Web page caption snippets
↓↓↓

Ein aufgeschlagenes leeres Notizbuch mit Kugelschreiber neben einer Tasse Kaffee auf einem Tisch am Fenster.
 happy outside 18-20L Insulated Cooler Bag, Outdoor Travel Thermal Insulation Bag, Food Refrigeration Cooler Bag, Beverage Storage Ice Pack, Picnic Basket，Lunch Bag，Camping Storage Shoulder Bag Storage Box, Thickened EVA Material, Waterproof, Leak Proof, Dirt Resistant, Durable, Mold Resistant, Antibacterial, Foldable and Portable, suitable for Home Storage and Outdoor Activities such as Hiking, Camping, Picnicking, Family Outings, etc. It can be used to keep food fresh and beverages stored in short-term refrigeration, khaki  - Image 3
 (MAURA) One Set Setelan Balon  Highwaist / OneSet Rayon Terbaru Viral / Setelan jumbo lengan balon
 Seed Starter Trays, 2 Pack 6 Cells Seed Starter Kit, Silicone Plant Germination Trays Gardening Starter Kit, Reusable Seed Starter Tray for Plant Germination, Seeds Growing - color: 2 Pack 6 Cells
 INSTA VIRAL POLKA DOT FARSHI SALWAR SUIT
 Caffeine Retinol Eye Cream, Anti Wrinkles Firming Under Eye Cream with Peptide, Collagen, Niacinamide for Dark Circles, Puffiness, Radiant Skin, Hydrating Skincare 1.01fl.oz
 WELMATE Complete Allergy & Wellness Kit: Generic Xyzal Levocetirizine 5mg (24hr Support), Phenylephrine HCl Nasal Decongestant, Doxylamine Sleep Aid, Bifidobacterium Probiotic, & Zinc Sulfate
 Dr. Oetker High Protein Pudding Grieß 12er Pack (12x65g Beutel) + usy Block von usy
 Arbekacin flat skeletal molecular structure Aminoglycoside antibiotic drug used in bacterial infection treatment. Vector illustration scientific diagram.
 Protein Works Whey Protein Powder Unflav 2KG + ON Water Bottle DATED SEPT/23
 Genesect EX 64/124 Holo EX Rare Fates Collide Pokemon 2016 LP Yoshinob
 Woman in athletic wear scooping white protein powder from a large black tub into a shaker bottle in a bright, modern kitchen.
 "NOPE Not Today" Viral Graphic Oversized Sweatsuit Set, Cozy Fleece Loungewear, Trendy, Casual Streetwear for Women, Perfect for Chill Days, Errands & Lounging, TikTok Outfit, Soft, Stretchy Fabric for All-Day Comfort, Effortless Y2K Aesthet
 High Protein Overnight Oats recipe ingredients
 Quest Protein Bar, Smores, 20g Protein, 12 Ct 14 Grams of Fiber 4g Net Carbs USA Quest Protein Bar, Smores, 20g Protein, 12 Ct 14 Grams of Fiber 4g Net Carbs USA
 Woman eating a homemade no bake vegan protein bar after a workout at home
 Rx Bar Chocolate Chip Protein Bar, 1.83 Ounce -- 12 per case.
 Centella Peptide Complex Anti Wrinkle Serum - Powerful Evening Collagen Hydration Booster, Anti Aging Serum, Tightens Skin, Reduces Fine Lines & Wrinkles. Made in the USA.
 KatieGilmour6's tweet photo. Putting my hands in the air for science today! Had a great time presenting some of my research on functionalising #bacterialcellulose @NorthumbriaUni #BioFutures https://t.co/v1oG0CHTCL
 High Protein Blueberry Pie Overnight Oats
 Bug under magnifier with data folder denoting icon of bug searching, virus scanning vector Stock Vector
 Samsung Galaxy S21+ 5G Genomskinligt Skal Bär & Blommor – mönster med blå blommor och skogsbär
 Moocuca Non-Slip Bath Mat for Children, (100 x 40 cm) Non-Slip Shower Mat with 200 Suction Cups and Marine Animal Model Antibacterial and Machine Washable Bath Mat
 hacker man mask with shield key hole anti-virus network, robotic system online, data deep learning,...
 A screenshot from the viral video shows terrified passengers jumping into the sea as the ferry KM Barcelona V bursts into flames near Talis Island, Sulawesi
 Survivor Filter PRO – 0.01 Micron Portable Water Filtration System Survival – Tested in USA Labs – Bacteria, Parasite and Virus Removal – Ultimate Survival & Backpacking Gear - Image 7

↑↑↑

Task description:
The lines in the entries above that carry the word "with" must be copied.

Response to this exercise:
 Caffeine Retinol Eye Cream, Anti Wrinkles Firming Under Eye Cream with Peptide, Collagen, Niacinamide for Dark Circles, Puffiness, Radiant Skin, Hydrating Skincare 1.01fl.oz
 Bug under magnifier with data folder denoting icon of bug searching, virus scanning vector Stock Vector
 Moocuca Non-Slip Bath Mat for Children, (100 x 40 cm) Non-Slip Shower Mat with 200 Suction Cups and Marine Animal Model Antibacterial and Machine Washable Bath Mat
 hacker man mask with shield key hole anti-virus network, robotic system online, data deep learning,...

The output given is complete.